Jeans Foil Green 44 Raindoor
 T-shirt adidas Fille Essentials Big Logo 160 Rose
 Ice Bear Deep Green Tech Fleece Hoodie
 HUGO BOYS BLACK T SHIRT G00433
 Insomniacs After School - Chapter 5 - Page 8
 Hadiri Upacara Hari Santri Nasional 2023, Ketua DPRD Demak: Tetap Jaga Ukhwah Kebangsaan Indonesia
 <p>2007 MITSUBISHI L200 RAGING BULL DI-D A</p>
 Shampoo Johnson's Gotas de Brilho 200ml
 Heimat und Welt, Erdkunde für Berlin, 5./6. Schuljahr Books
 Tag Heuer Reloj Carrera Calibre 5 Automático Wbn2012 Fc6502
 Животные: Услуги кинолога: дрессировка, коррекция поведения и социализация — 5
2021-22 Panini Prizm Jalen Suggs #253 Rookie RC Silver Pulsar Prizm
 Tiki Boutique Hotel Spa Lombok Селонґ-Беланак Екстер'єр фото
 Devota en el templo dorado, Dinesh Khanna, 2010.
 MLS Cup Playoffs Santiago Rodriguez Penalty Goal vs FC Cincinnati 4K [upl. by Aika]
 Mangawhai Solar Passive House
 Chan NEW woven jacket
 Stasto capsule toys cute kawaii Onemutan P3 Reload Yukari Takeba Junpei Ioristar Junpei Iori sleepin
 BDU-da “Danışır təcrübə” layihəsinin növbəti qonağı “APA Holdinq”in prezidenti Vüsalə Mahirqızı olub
- - - -
* WHAT THIS TASK INVOLVES *
Please give back exactly the lines of this listing beginning at the line with "HUGO BOYS BLACK T SHIRT G00433" and ending with the line with "Животные: Услуги кинолога: дрессировка, коррекция", both included, and nothing else.

* ANSWER TO THIS PROBLEM *
 HUGO BOYS BLACK T SHIRT G00433
 Insomniacs After School - Chapter 5 - Page 8
 Hadiri Upacara Hari Santri Nasional 2023, Ketua DPRD Demak: Tetap Jaga Ukhwah Kebangsaan Indonesia
 <p>2007 MITSUBISHI L200 RAGING BULL DI-D A</p>
 Shampoo Johnson's Gotas de Brilho 200ml
 Heimat und Welt, Erdkunde für Berlin, 5./6. Schuljahr Books
 Tag Heuer Reloj Carrera Calibre 5 Automático Wbn2012 Fc6502
 Животные: Услуги кинолога: дрессировка, коррекция поведения и социализация — 5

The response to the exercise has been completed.